ECOS 40(5): Book Review: Landfill

LANDFILL

Tim Dee

Little Toler Books, 2018, 240 pages
Hbk  £16  ISBN 978 1908213624

Review by Barry Larking

The gulls at the huge Pitsea landfill in Essex figured out that the site worked a six day week. On Sundays they looked elsewhere for their grub. It was Bank Holidays that flummoxed them. This is one of many quirky details that litters this delightful book, that combines the factual, the surmise and the anecdotal with a marvellous sympathy for these birds and the human predicament in a time of flux and doubt.

Part ‘man on the Clapham Omnibus’ philosophical soliloquy, fieldwork reportage, then a diarist’s observations and memoirs, Landfill is a slice of nature indeed, and one that could only have been written in the 21st century. It’s a million miles away from William Boot’s ill-fated genteel Splashy Places as ‘nature writing’ goes [1].

“On nearly every outing there [the author’s visit to Pitsea again], I either stepped on a dildo, tripped on some indeterminate grey cabling, was detained by the pleading button eyes of a dead soft-toy, or kicked a book by Ranulph Fiennes”.

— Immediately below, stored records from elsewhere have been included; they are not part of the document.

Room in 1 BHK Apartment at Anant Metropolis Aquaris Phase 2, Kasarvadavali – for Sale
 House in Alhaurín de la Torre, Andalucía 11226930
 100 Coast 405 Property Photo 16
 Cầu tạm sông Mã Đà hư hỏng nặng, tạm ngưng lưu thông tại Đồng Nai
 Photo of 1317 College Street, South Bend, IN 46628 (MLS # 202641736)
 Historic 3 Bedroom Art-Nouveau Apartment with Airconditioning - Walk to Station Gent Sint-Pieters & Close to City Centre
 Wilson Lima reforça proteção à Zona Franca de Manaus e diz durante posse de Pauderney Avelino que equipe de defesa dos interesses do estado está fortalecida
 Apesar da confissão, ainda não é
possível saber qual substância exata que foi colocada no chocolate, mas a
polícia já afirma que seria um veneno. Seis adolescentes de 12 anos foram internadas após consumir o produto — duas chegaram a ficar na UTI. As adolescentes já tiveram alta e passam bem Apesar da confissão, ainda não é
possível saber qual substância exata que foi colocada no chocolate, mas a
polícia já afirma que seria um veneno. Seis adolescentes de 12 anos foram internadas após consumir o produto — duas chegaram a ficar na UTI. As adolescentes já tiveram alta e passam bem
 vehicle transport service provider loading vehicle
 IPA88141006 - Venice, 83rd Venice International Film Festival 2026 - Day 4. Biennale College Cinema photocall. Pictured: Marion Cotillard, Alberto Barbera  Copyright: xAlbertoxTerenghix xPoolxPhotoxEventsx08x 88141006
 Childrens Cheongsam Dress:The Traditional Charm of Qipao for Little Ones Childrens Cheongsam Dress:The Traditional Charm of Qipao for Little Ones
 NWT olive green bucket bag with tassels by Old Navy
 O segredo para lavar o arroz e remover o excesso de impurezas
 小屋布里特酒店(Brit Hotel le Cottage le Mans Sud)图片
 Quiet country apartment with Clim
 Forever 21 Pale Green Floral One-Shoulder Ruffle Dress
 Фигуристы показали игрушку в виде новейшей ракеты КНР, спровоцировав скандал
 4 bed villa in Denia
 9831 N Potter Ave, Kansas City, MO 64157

Not your ordinary bird book then.

Typically, Mr Dee is well aware of his own less than precious approach to a literary form once set tastefully in a kind of Edwardian bell jar, often distinctly morbid too: An Essex dwelling predecessor in the nature writing game, Wentworth Day, like so many who lived through the First World War, “… was one of those early-twenieth-century conservative countrymen writers who saw the end of the world written in the death of the old truths of rural England”. Day’s mourning was caused by people, rather than football crowd sized flocks of gulls, evidently the wrong type of people, spilling out from the towns, spreading

Before gulls became urban gleaners, the same tactics of survival, of grubbing a living in the swollen, dirty and fetid cities and towns of Victorian Britain had been already mapped out by humans. The author cites Henry Mayhew’s London Labour and the London Poor [2] whose observations, obsessively annotated and graded in an ascending order such as any taxonomist might make, of the serious delving into muck that kept the Victorian destitute alive, pre-dates his own. This chapter is not to be tackled at meal times. The parallels between the gulls’ speedy exploitation of our human excess and that excess itself. Cause and effect. 

“What we had made our own is now dirty, and we want it away and gone. But the waste  doesn’t necessarily kill where it is, in situ it can live, and even nourish and sustain. It is like this for the gulls at landfills. It is also like this for all sorts of human activity too. We are a waste-making species like no other, but we are also workers of waste, recyclers, ragpickers, archivists, librarians, archaeologists, historians, bricoleurs and gullers”.

Gulls’ numbers expanded in line with our girths in the Affluent Society. Now these puffed up populations are declining due in part perhaps to the radical measures taken to change the way we dump our dross and how to shrinkthat ocean of dross itself. Yet, instead of falling back on their ancient littoral habitats, the gulls seem quite happy to retain their perch in our urban and suburban realm.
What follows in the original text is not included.